For centuries in the life of the Church and prior, the desert has held a particularly significant theological place. As we have seen, the desert was often the backdrop for exile, although to merely equate desert with exile would be to lose sight of this ecosystem’s true role. Although the Scriptures focus heavily on the desert during Israel’s Exodus from Egypt, the desert is also portrayed in the Old Testament—particularly through the prophets—as the place where YHWH would woo his people back to himself after they turned away from him like an unfaithful bride. Likewise, it was John the Baptist in the New Testament who fulfilled the role of the messenger whom both Isaiah and Malachi foretold would prepare the way for YHWH’s return. Continuing this tradition, many of the early Fathers of the Church sought refuge in the desert, where they produced some of the most beautiful and meditative theology in Christian history. In Scripture itself, there is no shortage of figures that turn to the desert (or wilderness) for strength, inspiration and holy rest. It is in the desert that Moses meets God face to face, that Elijah withdraws to hear the voice of YHWH. Indeed, it is the place where Jesus himself goes for forty days and forty nights to prepare to inaugurate his public ministry. Even St. Paul goes to the desert to prepare for his own ministry after his conversion in Acts of the Apostles. It should come as no surprise then, that in the Christian tradition, the garden and the desert have always been key symbols.
Why the desert? For many, the desert represents a wasteland; a certain absence of beauty. Vegetation is often sparse, life difficult to sustain. Theologian and gardener Vigen Guroian gives us some insight into the attraction. He points out that “the early Christian writers thought that there is no virtue more profound than the perpetual remembrance of our mortality.”[1] “The Bible”, he says, “recalls past paradise; it also prophecies a future blessedness.”[2]
On the flip side, we might speculate on the crucial role of gardens in Hebrew and Christian history. Every human-made garden, Guroian muses, “grows from a seed of Paradise dropped in memory by Adam’s dolorous lament. Sometimes we yearn to return to it, as though Paradise were an ordinary ‘place,’ as if with map and compass we might find it.” He quotes Jennifer Bennett who says perhaps more properly that “the archetype and perfection of every garden ‘is the place where we knew nature before innocence was lost.’”[3] It is in gardening, he says, that man longs to return to the Garden of Eden, to somehow recreate what has been destroyed. In a certain and very real sense the desert leads man to this desire. It is a stark reminder of what it is that humanity has lost.
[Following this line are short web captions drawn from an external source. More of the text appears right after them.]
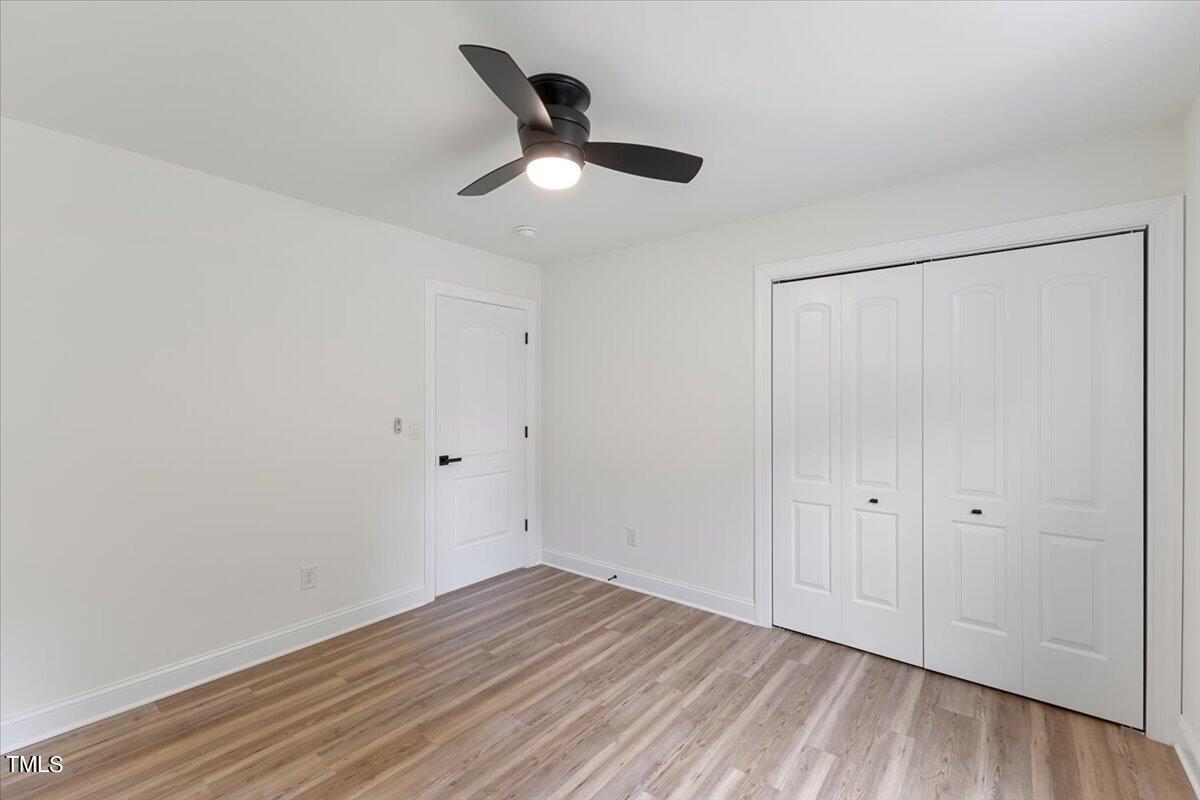 3420 Brentwood Road Raleigh, NC 27604 - Photo 42 of 53 an empty room with wooden floor cabinet and windows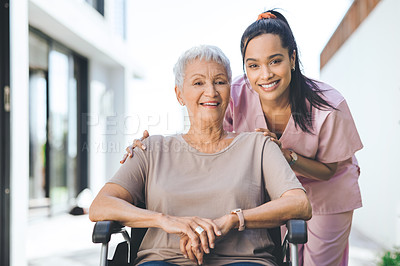 Buy stock photo Portrait of a young nurse caring for an older woman in a wheelchair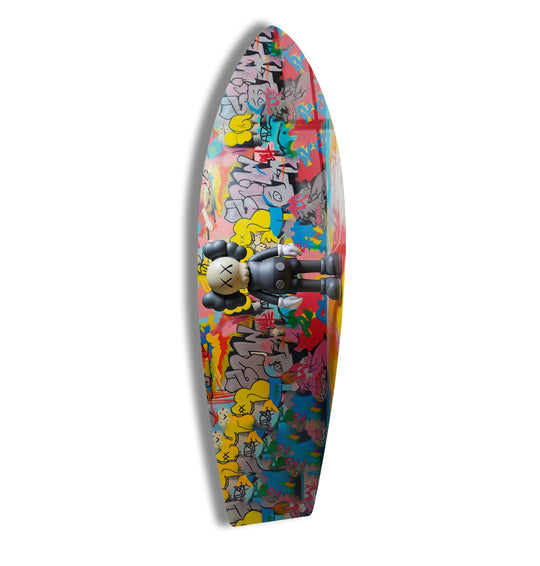 The surfboard features urban street art and a colorful figurine design and this surfboard wall art makes a statement with its bold and unique design and pop art style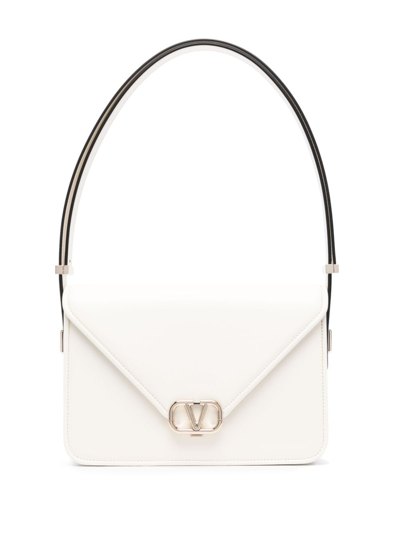 Shop Valentino Letter Leather Crossbody Bag In Nude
Not coincidentally, the desert is also the place where God promised to woo his people back to himself. In Hosea, God says that despite her sin, he will “allure” Israel, “and bring her into the wilderness, and speak tenderly to her.”[4] God chooses to woo his people back to him in the desert because it was the desert where God first revealed himself to his people. Fresh from Egyptian slavery, and surprisingly, right after the golden calf apostasy, God reveals to Moses that he is,
The Lord, the Lord, a God merciful and gracious, slow to anger, and abounding in steadfast love and faithfulness, keeping steadfast love for thousands, forgiving iniquity and transgression and sin, but who will by no means free the guilty.[5]
This is by far the most in-depth view of the nature God up until this point in Scripture. Through the prophets, the Lord wanted his people to remember that it was in the desert that this was first revealed. Hosea continues:
[In the wilderness] I will give her her vineyards, and make the Valley of Achor a door of hope. And there she shall answer as in the days of her youth, as at the time when she came out of the land of Egypt.[6]
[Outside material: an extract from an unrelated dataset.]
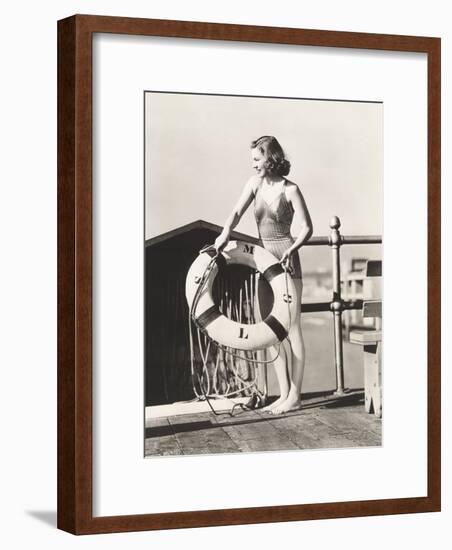 Woman on Pier Holding a Life Preserver-Everett Collection-Framed Photographic Print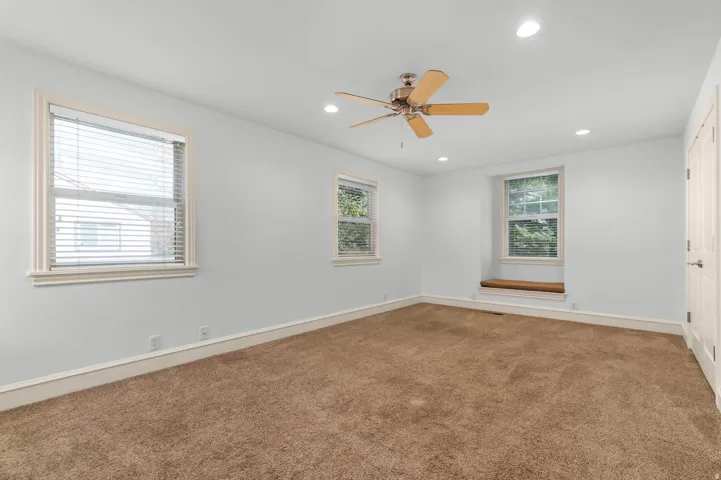 Empty room with recessed lighting, light colored carpet, and a ceiling fan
We see then that the stark reality was not only meant to be a reminder of what mankind had lost in the fall, but also to be a reminder that all hope and trust ought ultimately fall on God. In Isaiah 51:3, we read that
the Lord will comfort Zion: he will comfort all her waste places, and will make her wilderness like Eden, her desert like the garden of the Lord; joy and gladness will be found in her, thanksgiving and the voice of song.
Here, as in a chorus of similar Isaian passages[7], we have no mere metaphor. The Lord led his people to the wilderness to remind them of a real, tangible, touchable, smellable reality that had been lost; and to create a real longing for its return. Guroian concludes,
It was entirely fitting, therefore, that Christ was buried in a garden, a seed planted in the ground that blossomed into the flower of a glorified humanity. The New Adam [Jesus] refurbished the devastated garden that the Old Adam left behind. No wonder at the empty tomb, Christ came to Mary Magdalene as the gardener (John 20:15). For he is the Master Gardener, and we, we are his apprentices as well as the subjects of his heavenly husbandry.[8]
This, he says, in essence, is why we garden.
[3]As quoted by Guroian, 45.
[4] Hos 2:14
[5] Ex 34:6-7
[6] Hos 2:15
[7] Consider Is 32:16; 35:1; 35:6; 41:18; 43:20.
[8]Vigen Guroian. The Fragrance of God. 47.